▼▼▼

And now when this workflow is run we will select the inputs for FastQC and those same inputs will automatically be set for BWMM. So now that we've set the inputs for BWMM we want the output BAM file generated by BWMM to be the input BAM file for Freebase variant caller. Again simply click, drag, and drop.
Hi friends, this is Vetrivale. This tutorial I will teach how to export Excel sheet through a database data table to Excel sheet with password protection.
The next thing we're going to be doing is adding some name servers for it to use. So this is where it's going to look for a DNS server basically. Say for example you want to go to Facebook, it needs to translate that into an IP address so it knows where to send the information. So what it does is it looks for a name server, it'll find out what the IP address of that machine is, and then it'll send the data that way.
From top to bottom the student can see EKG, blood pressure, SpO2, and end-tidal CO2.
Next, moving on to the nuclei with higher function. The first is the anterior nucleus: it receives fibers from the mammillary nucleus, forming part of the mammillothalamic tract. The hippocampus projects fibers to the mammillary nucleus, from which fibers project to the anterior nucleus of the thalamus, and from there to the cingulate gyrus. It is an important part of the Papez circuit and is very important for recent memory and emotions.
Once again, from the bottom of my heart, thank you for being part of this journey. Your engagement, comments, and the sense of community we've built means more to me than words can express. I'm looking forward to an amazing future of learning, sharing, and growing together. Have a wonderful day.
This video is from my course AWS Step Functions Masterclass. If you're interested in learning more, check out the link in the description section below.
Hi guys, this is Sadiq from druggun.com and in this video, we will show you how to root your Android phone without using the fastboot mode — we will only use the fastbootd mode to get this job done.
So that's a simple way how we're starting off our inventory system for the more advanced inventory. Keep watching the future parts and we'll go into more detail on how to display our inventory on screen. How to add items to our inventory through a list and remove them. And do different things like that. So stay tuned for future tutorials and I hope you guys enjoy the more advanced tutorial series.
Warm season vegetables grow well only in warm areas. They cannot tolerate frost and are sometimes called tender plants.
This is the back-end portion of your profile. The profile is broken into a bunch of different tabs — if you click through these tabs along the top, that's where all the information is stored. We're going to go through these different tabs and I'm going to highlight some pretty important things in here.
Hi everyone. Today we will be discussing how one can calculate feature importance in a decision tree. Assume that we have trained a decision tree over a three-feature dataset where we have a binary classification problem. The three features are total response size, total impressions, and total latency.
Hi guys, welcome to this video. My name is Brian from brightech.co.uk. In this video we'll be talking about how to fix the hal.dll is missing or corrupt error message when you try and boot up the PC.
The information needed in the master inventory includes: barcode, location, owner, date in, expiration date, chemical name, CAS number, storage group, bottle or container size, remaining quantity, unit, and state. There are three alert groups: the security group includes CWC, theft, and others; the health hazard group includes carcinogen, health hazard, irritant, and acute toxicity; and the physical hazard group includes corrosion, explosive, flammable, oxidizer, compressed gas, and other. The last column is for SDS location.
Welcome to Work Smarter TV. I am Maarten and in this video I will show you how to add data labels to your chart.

▲▲▲

**TASK TO CARRY OUT:**
Throughout the data above, find each line that includes the string "important"; state only how many there are.

**OUTPUT:**
2